Indian Head eagle (nom), the sixth in a projected ten-article series about the Great Redesign of US coinage between 1907 and 1921. This article includes coverage of the initial battles between sculptor Augustus Saint-Gaudens, Mint Chief Engraver Charles E. Barber and President Theodore Roosevelt, who went so far as to threaten Barber with decapitation. (Nominated by Wehwalt)
Gumbo (nom), a stew or soup that originated in southern Louisiana during the 18th century. (Nominated by Karanacs)
"Indian Camp" (nom), the first short story Ernest Hemingway published. Some critics consider that it shows the genesis of many of his themes in subsequent stories and novels. (Truthkeeper88)
White-bellied Sea Eagle (nom), this WikiProject Birds collaboration for April 2011 concerns a large diurnal bird of prey that is resident from India and Sri Lanka through southeast Asia to Australia on coasts and major waterways. It issues a loud goose-like honk. (Casliber)

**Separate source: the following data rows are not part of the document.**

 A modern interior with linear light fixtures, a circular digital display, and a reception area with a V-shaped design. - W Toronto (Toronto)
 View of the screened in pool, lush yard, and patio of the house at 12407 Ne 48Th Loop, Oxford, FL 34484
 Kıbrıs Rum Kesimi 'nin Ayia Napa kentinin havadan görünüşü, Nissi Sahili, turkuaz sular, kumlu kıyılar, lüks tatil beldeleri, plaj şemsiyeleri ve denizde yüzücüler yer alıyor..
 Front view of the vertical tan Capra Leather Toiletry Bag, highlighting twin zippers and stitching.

Anfield (nom), an association football stadium in Anfield, Liverpool, UK, with a seating capacity of 45,276. It has been the home of Liverpool F.C. since their formation in 1892. (NapHit)

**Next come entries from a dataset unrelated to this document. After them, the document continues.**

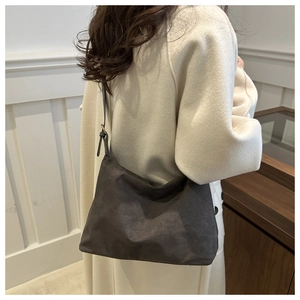 Detail of grey suede shoulder bag texture and metal buckle on long strap
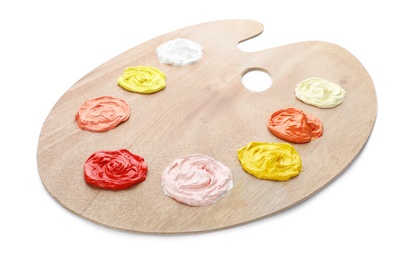 Palette with paints on white background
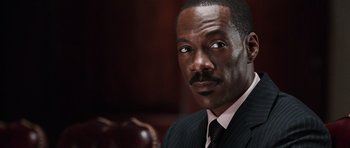 Movie still from “Imagine That” (2009), directed by Karey Kirkpatrick – A person wearing a suit and tie; Close Up shot, Low angle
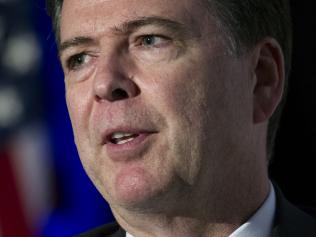 FILE - In this March 29, 2017 file photo, FBI Director James Comey speaks in Alexandria, Va. Don't expect Comey to reveal much about the bureau's months-long investigation of potential coordination between the Trump campaign and Russia when he speaks publicly before members of Congress on Wednesday, May 3, 2017. (AP Photo/Cliff Owen, File)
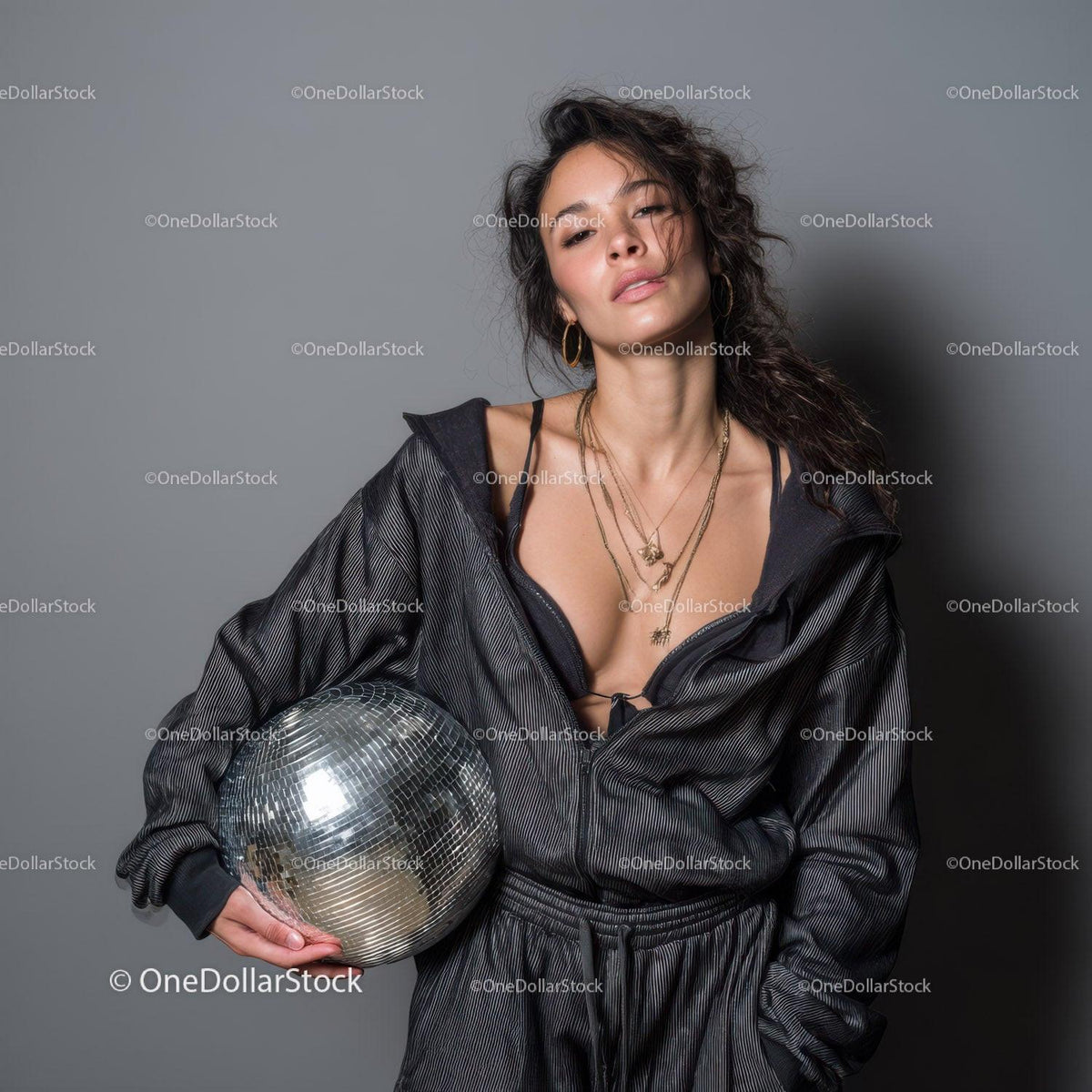 Stylish Woman in Metallic Outfit Holding Disco Ball for Modern Fashion Stock Photo Bundle preview 11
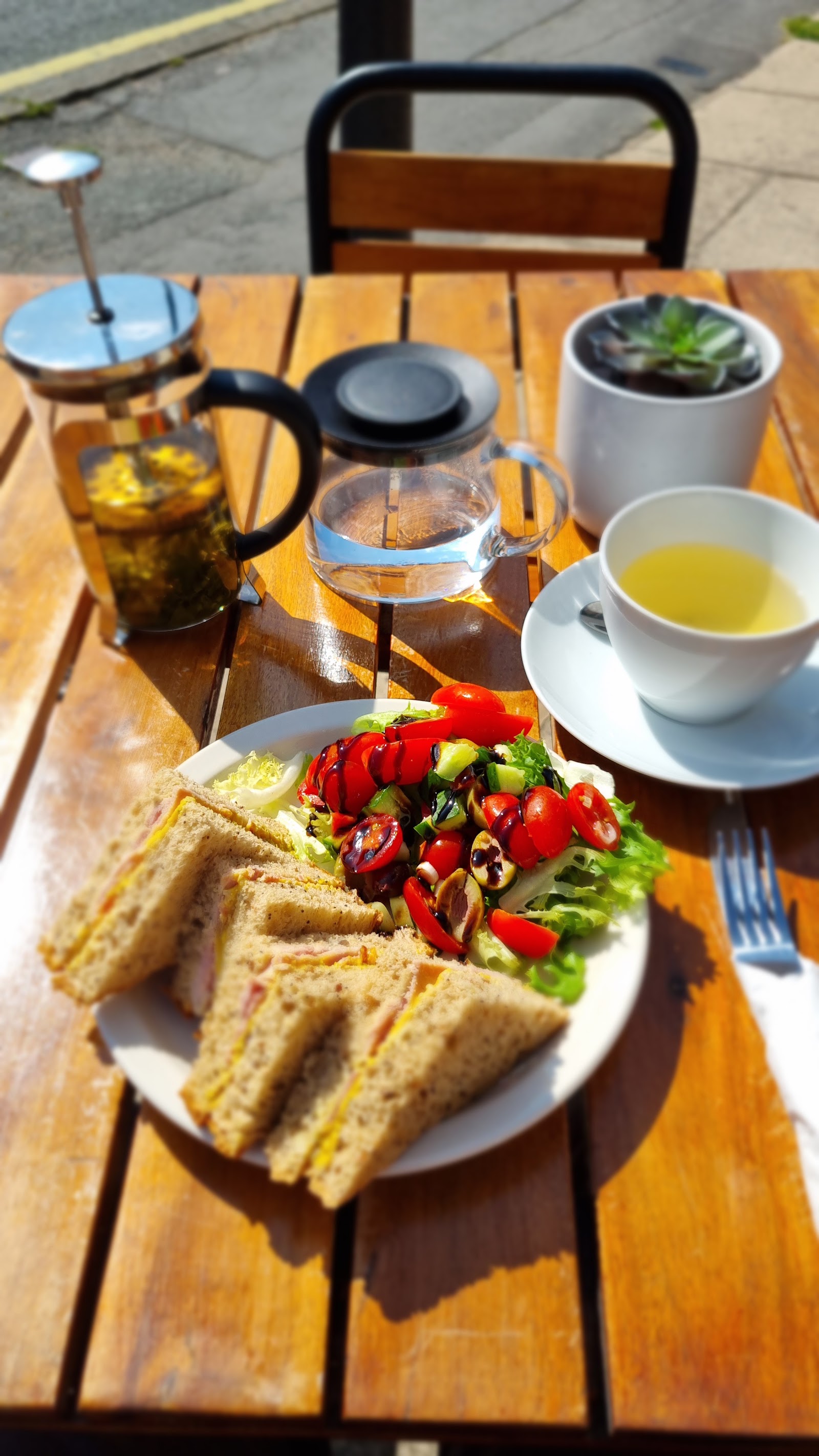 Sandwich quarters with side salad and a pot of tea in The Coffee Tree garden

Cirrus cloud (nom), which are characterised by thin, wispy strands, often bunched into tufts. The word cirrus is Latin for curl. They range in colour from white to a faint grey and form when water vapour undergoes deposition at altitudes above 5,000 metres (16,000 ft) in temperate regions and above 6,100 metres (20,000 ft) in tropical regions. (Reaper Eternal)
SMS Friedrich der Grosse (1911) (nom), the flagship of the German Imperial Navy's High Seas Fleet for most of World War I. The ship saw heavy service, including the Battle of Jutland, and was ultimately scuttled in Scapa Flow at the end of the war and later raised for scrapping. (Parsecboy)
Astonishing Stories (nom), a minor American pulp science-fiction magazine in the early 1940s that managed to publish early fiction by some of the biggest names in the field, such as Isaac Asimov and Robert Heinlein. (Mike Christie)
No. 79 Squadron RAAF (nom), the history and current role of one of the Royal Australian Air Force's most interesting squadrons. No. 79 Squadron saw combat in World War II between 1943 and 1945, was reformed to be deployed to Thailand for six years during the Cold War, was briefly active as a fighter unit based in Malaysia in the late 1980s and has provided initial jet aircraft training to new RAAF pilots since 1998. (Nick-D)
London Necropolis Company (nom). Nominator Iridescent says, "Depending on your point of view, the LNC was either a visionary attempt to use new technology to solve a public health crisis and to introduce the concept of dignity to funerals for the poor, or it ranks alongside Mirabel Airport and the Atmospheric Railway as one of the great examples of harebrained overengineering schemes."